Back at the Starting Gate

A year ago. Or was it two. No last year. I rewrote Polishing the Bones. That’s it, I told myself. I’m done. I’m not rewriting it anymore.

And I started sending it out. Again. And it kept getting rejected. Again.

One agent actually wrote that she didn’t care for my style.

What the hell?

But that made me stop and think. Consider what that meant. What is wrong with my style?

Then life stopped. Not because of the rejections. Just other things.

I’ve spent the last year thinking about Polishing the Bones. I’ve also spent a lot of time trying to finish writing Homeleaving which I was planning on finishing two days ago. Or two months ago. Or, rather six months ago. That’s okay.
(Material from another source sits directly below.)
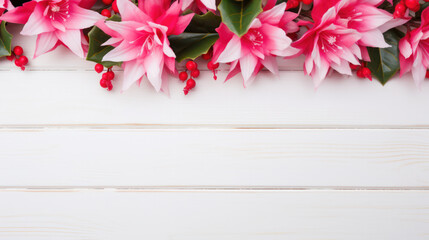 Christmas Cactus on Wooden Background, Beautiful Flowers,  Winter Floral, Copy Space. Generative AI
I’m in the last full chapter. And then there’s going to be an epilogue of sorts. But I’m close to done.

And the only reason I haven’t finished it is because I have been allowing myself to live. Like going to a movie with my husband, one of his brothers, his brother’s son, and my daughter. And after the movie, we toured a B-17 Flying Fortress. And I was given special permission to sit in the bombadier’s seat because my father was a bombadier. And I cried.
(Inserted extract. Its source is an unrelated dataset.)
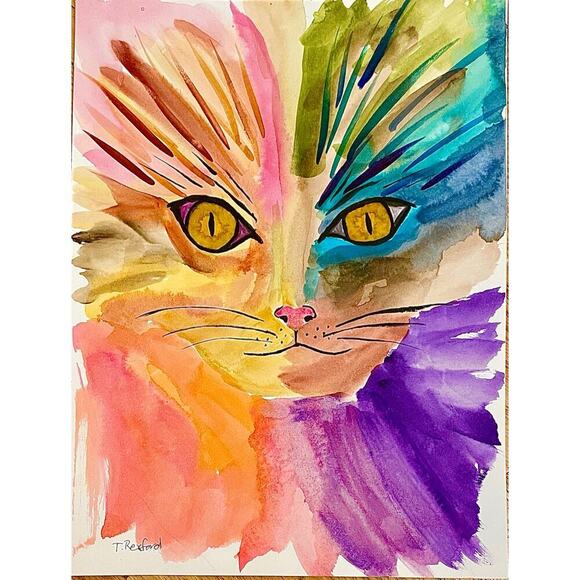 Hand Crafted Other - Hand painted watercolor original painting rainbow tie dye cat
And I didn’t finish writing it today because today I spent some hours planning with a colleague. Or chatting with my husband. Or re-reading Chapters 1 and 2 of The Bear Box Diner and Polishing the Bones respectively. And then I re-wrote what is now Chapter 1 of Polishing the Bones, finally following all of the advice I have been given over the years to start with Chapter 2 but I refused because I thought my editors and readers were wrong but, I can tell, they were right and I was wrong.

I have a chapter I really do think that I can sell. I have a chapter to a book I know that I can sell because I have been reading William Zissner’s book Writing Well and other books about writing poetry and I have learned so much and finally see the mistakes that I have been making. I have been trying too hard. Trying too hard to write beautifully and let all the pretty words and pretty metaphors live when they kind of cluttered things up. So I’m simplifying. And listening. And damn if they weren’t right.

I’m still expecting rejections. I don’t have enough publishing credits. And I need to fix that and I can. By just editing my poetry. Which I’m doing. Ish…becuase I think that I’m getting more and more intimidated by rejection. I would like some yes’s please. I know that’s rather duh-ish. No one sends out something that makes them vulnerable and hopes that they’ll get a big fat No.

I wanted to write this summer. It’s only been about ten days. But in those ten days, I have written. And in the next sixty, I am going to write more. And more. I’m going to re-write two books. And I’m going to finish the third. Maybe tomorrow. That’s my goal. If not…Wednesday? Thurdsay? Definitely by Friday.

And by that point, I’ll have read and edited and rewritten another three chapters of Polishing. And finally edited a poem. Or two.